I've been thinking the same thing actually. A bit from left field but these Abu Alphamar combos don't seem too bad and a quick search on Google found some positive comments from owners.

http://www.rayannes.com.au/daiwa-sh...d/abu-alphamar-overhead-combos-from-only-229/

Still undecided as $ is a bit tight at the moment but wouldn't mind getting one of these combos in the future.

Any Alphamar owners/users out there?

Marty


----------



## WayneD (Jul 11, 2006)

Abu 6500C3. Bulletproof.


----------



## kayakone (Dec 7, 2010)

cjbfisher said:


> ..........my loins are moistened.
> Chris


Too much detail!


----------



## sbd (Aug 18, 2006)

I have a TLD15, TLD20 & TLD50, however...

Me, I'd buy a jig rod, PE3-4 if you're gunna use it from the yak. Nice and short (both mine are around 5'6"), heaps 'a grunt but retains some finesse, useful for boats too, I use mine for jigging, live baiting, trolling & throwing big plastics and poppers.

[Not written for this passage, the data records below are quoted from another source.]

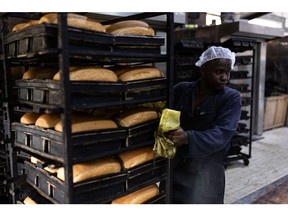 KAMPALA, UGANDA - JUNE 14: A baker makes bread, made from wheat flour, at a bakery on June 14, 2022 in Kampala, Uganda. This factory, one of the largest in the country, bakes around 300,000 loafs of bread a month and has had to raise prices in response to the wheat price increasing. The company also produces flour, which it currently sells at UGX168,000/50kg, up from UGX138,000 two weeks ago, and expects to raise prices again in a few weeks to UGX190,000. Around half of Uganda's wheat imports come from Russia and Ukraine, where production and export have been diminished by the ongoing war.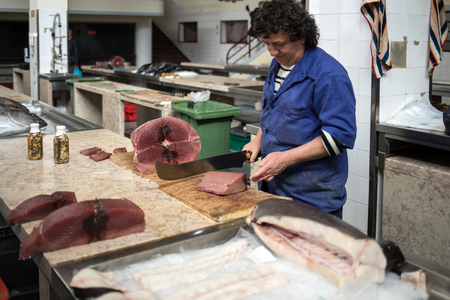 Funchal, Madeira, Portugal - April 23, 2018: Fish sellers at Mercado dos Lavradores, the famous fish and seafood market of Funchal, the capital of Madeira islandFish sellers at Mercado dos Lavradores, the famous fish and seafood market of Funchal, the capのeditorial素材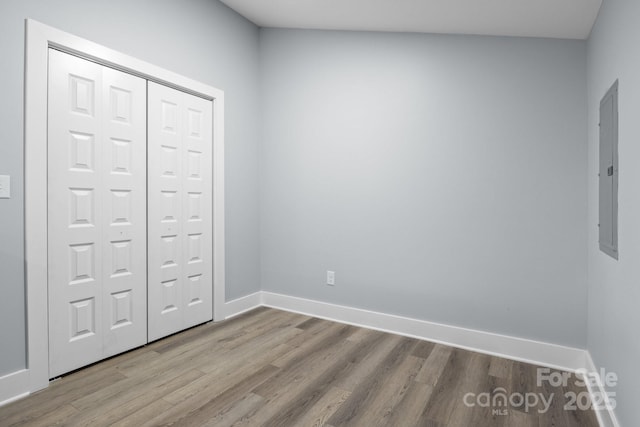 unfurnished bedroom with electric panel, a closet, baseboards, and wood finished floors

Least stuffaround on the yak would be a quality thread line, pairs nicely with the jig rod & will land anything you're lucky enough to hook, you've probably already got a suitable reel in your kit. Much more waterproof than a TLD too.

That's me though.


----------



## ArWeTherYet (Mar 25, 2007)

WayneD said:


> Abu 6500C3. Bulletproof.


That would be my pick for anything up to 10kgs, which is bigger than anything I ever catch  .

I'm not fussed on the TLD's on a kayak, too heavy and wide, but the good narrow spooled jobbies are pretty expensive.


----------



## weapon (Dec 9, 2007)

Have an ABU6500 and TLD 15, prefer......Avet SX as its small, metal, light and a better handle than the ABU.


----------



## cheaterparts (Jul 3, 2010)

cjbfisher said:


> BCF have got a couple of combos on special ATM. Penn 330 GTI for $139 for club members, and a TLD25 for $199.
> Anyone use the Penn outfits, and if so, what are they like?
> Thanks,
> Chris


I use early penn OHs for my gummy rods and they are bullet proof - less shiney than a lot of new reels but have good line capacity fairly good drags ( that are both easy to replace and are cheap )

the reels I use most for my heavier yak rods are the penn 100 surfmaster 
http://store.scottsbt.com/PennParts/Ree ... n100M.aspx
although my reels have the earlier brass spools - my guess made in the early 70s

and 501 jigmaster 
http://store.scottsbt.com/PennParts/Ree ... nn501.aspx
again I use the earlier brass spool and it fits 300 meters of 20 lb mono

these are not level line units but at $ 50 - $ 60 second hand off ebay for bullet proof kayak reels they are perfect
no sh!tty bearings to get salt effected - easy to service or rebuild and the parts are cheap









servicing and rebuilding penn OHs are easy and it doesn't matter what size they are almost the same 
in constuction
the larger reel in the pic ( a bit big for yakking with ) is a 12/0 senator from the 60s - to rebuild that cost me in parts a bit over $100 delivered , a full set of drags carbons and steels , a full set of new screws , 1 new cromed brass ring for the opp side from the handle

I'm not sure what the later penn reels are like ( made in China ) but the early stuff is better than good


----------